Eagleton refutes the idea that nature is mere clay on the potter's wheel of culture, and that our truly human, "material" needs have an importance that is not constituted by culture: "food, sleep, shelter, warmth, physical integrity, companionship, sexual fulfilment, a degree of personal dignity and security, freedome from pain, suffering and oppression, a modest amount of self-determination and the like" (99-100). If we were solely constituted as cultural beings, then we would not be able to oppose repressive cultures. Rather, these natura l needs are "criterial of political wellbeing, in the sense that societies which thwart them should be politically opposed" (100). It is the very fact that we can understand these as necessities and offer them as moral judgements, universally, that they cannot "simply be set aside in glib historicist fashion. And this comes as no surprise to the kind of ethical materialist for whom moral values have a relation to our creaturely nature, which has not significantly altered over the ages" (106).
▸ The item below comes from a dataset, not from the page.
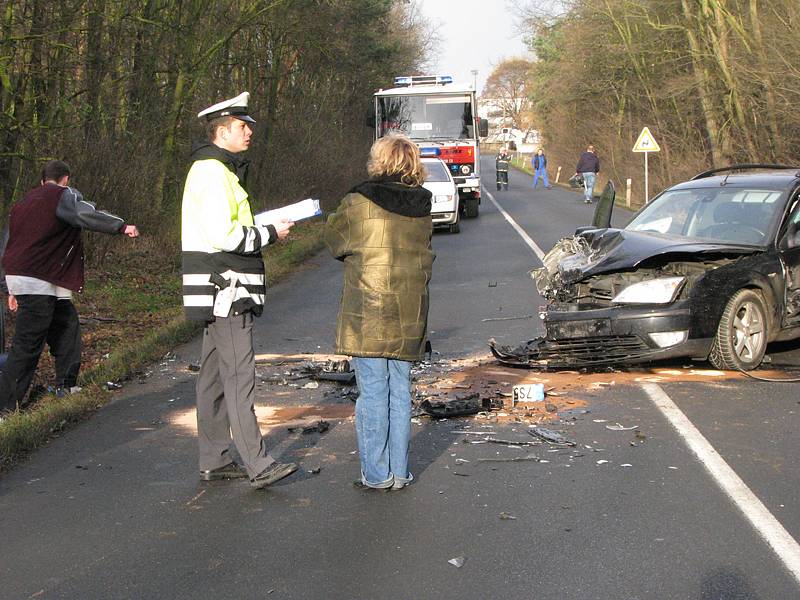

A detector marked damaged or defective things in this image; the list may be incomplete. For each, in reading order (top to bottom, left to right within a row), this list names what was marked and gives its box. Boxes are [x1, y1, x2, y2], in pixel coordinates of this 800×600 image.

Such thoughts corroborate Eagleton's larger claims, which are: "The primary problems which we contront in the new millenium--war, famine, poverty, disease, debt, drugs, environmental pollution, the displacement of peoples--are not especially 'cultural' at all. They are not primarily questions of value, symbolism, language, tradition, belonging or identity, least of all the arts" (130). With this in mind, Eagleton urges us the put culture "back in place" (131), presumably so that we can focus on the materialist, and political, needs of peoples. We must develop a common culture so as to have radical socialist change (as capitalism thrives in a world of disconnected mini-cultures that fight amongst themselves): what matters is not cultural politics but the politics of culture" (122).